> **YOUR INSTRUCTIONS**
There are pictures in the records below; leave them out and set down exactly the lines from the one holding "LA INVASIÓN: 10492" through the one holding "Krimis von der Küste 6 - Sylter Flaschenpost".

THE DATA Block Start

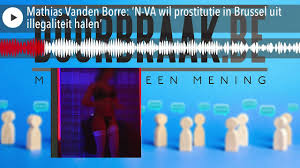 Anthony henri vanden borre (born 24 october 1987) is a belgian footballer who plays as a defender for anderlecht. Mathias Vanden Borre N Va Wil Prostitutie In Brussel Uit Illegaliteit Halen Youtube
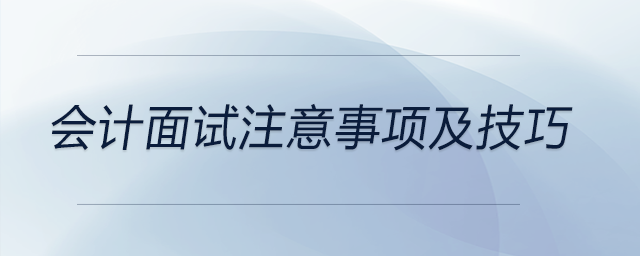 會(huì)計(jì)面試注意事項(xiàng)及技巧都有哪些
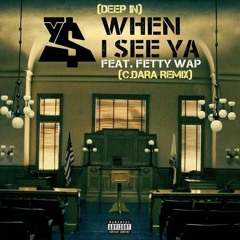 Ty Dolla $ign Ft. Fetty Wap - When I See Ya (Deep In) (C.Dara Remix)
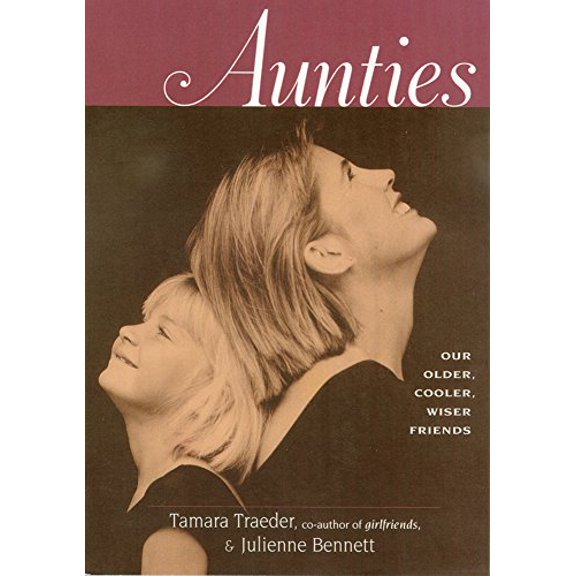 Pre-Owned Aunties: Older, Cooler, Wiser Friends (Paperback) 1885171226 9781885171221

THE DATA Block End
THE DATA Block Start

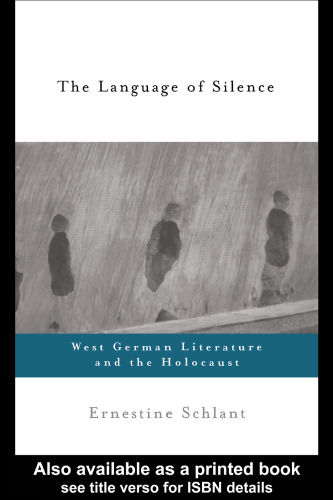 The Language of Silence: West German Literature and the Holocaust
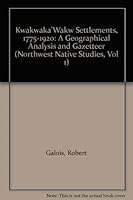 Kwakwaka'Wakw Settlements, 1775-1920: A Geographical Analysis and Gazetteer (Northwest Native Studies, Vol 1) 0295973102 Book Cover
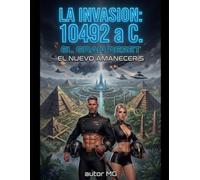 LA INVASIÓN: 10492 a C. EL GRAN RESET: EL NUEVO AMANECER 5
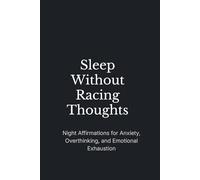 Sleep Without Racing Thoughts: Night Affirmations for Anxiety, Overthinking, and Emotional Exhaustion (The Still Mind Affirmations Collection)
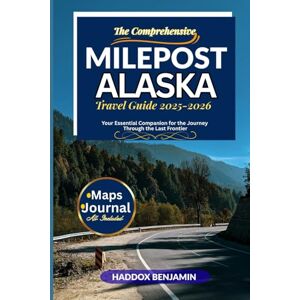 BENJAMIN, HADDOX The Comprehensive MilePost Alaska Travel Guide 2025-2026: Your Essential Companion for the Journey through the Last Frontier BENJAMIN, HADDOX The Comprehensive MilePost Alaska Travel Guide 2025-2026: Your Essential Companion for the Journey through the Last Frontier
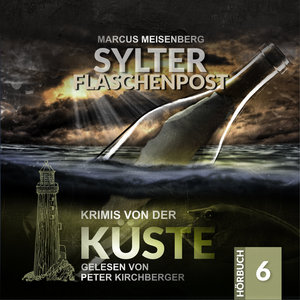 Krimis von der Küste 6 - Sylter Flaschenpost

THE DATA Block End
THE DATA Block Start

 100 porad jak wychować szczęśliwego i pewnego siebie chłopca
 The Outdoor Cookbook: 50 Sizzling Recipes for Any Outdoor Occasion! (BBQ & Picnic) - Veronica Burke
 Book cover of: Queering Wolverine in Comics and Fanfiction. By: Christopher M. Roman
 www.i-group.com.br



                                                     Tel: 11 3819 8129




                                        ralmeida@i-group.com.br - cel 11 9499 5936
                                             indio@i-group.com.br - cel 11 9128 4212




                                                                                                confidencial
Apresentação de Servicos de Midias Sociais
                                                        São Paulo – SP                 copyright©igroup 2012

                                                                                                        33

THE DATA Block End

> **EXERCISE OUTPUT**
 LA INVASIÓN: 10492 a C. EL GRAN RESET: EL NUEVO AMANECER 5
 Sleep Without Racing Thoughts: Night Affirmations for Anxiety, Overthinking, and Emotional Exhaustion (The Still Mind Affirmations Collection)
 BENJAMIN, HADDOX The Comprehensive MilePost Alaska Travel Guide 2025-2026: Your Essential Companion for the Journey through the Last Frontier BENJAMIN, HADDOX The Comprehensive MilePost Alaska Travel Guide 2025-2026: Your Essential Companion for the Journey through the Last Frontier
 Krimis von der Küste 6 - Sylter Flaschenpost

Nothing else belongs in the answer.